ワタミ外食店舗で木製カトラリーを順次導入
2022.03.24 自然
ワタミは3月から、プラスチック資源循環促進法の施行に合わせ、「から揚げの天才」「bb.q オリーブチキンカフェ」「TGIフライデーズ」で提供するカトラリー(スプーン、フォーク、ナイフ)をプラスチック製から木製に順次切り替える。これにより、年間4トンの使い捨てプラスチック削減につながる。調達を担当したワタミ株式会社仕入開発部の天笠翔太は「業務を通じてSDGsに貢献していきたい」と語る。
――「プラスチック資源循環促進法」が4月から施行され、対象の使い捨てのプラスチック製品(※)を提供する事業者は、削減対策を求められます。新法をどのように受け止めていますか。
ワタミは、「ワタミサスティナブル方針」を掲げ、地球環境に配慮したさまざまな取り組みを推進しています。もともと、使い捨てプラスチックを削減しなければいけないと考えていましたが、新法の成立は「アクセル」になりました。1年ほど前から具体的に素材の検討を始めました。
※ 消費者に無償で提供される使い捨てプラスチック使用製品(特定プラ製品)について、提供する事業者は、排出を抑制しなければならない。対象になるのは、スプーン、フォーク、ナイフ、マドラー、ストロー、ヘアブラシ、クシ、カミソリ、シャワー用キャップ、歯ブラシ、ハンガー、衣類用カバーの12品目
――「無料では提供しない」、あるいはほかの素材の選択肢があるなかで、なぜ木製カトラリーにしたのでしょうか。
テイクアウトやデリバリーで使用するカトラリーですので、「すぐに食べたい」というお客様が多く、配布しないという選択肢はありませんでした。ですから、提供する前提で素材の検討を始めました。
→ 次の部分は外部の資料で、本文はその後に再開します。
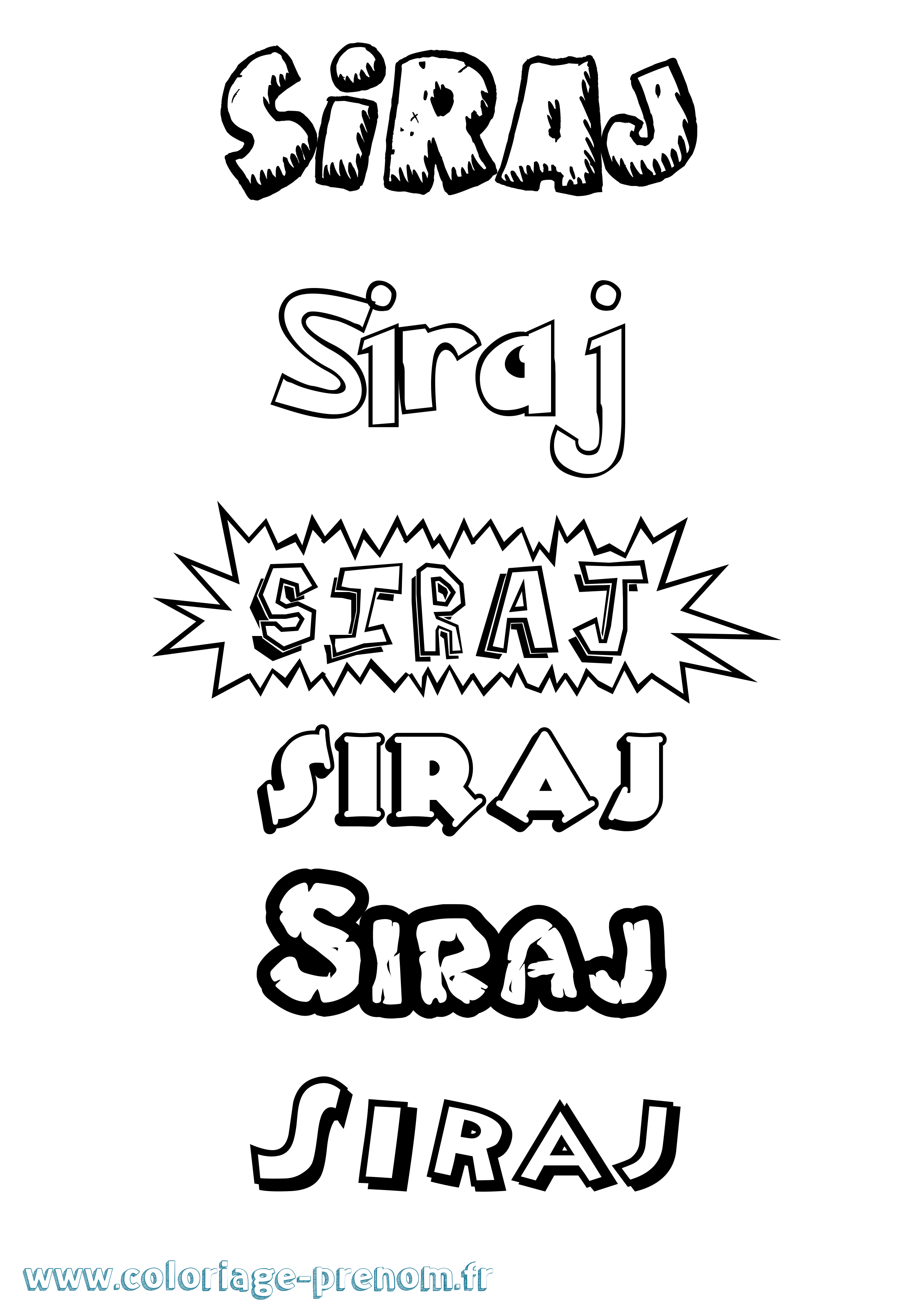 Coloriage Siraj Dessin Animé Coloriage prénom Siraj Dessin Animé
10社以上からたくさんのご提案をいただきました。どの製品が、利用するお客様にストレスをかけずに、採算性も合うのか、検証を重ねてました。
さまざまな素材を検討していくなかで、「紙製」「PLA(ポリ乳酸)」「木製」の3つに絞られました。実際に使ってみて、口当たりや口の中に入ったときの違和感がないかを確認したり、耐久性を調べたりしました。
紙製は液状のものがすくいにくく、耐久力に課題があり、木製カトラリーを採用することにしました。
――ワタミグループは「2030年までにプラスチック使用量50%削減」という目標を掲げています。今回の切り替えによるインパクトについて教えてください。
木製カトラリーの切り替えによって、プラスチック使用量を4トン削減できます。これは、ワタミ外食店舗で使用する包材系の消耗品のうち、約5%にあたります。CO2に換算すると、年間5960キロの削減が期待できます。
ワタミグループはこれまでも、プラスチックの削減に取り組んできました。2020年7月にレジ袋有料化がスタートしましたが、そのタイミングでレジ袋はバイオマス25%配合のものに切り替えました。外食店舗の持ち帰り用容器には、PLAを採用しています。
食事宅配サービスを行う「ワタミの宅食」で使用する弁当容器に関しては、軽量化や薄肉化のほか、弁当容器を回収して新たな容器にリサイクルする取り組みを2021年3月から全国で展開しています。
――この数年で、気候変動や海洋プラスチックごみ問題に対する意識が高まっていますが、お客様の意識の変化を感じますか。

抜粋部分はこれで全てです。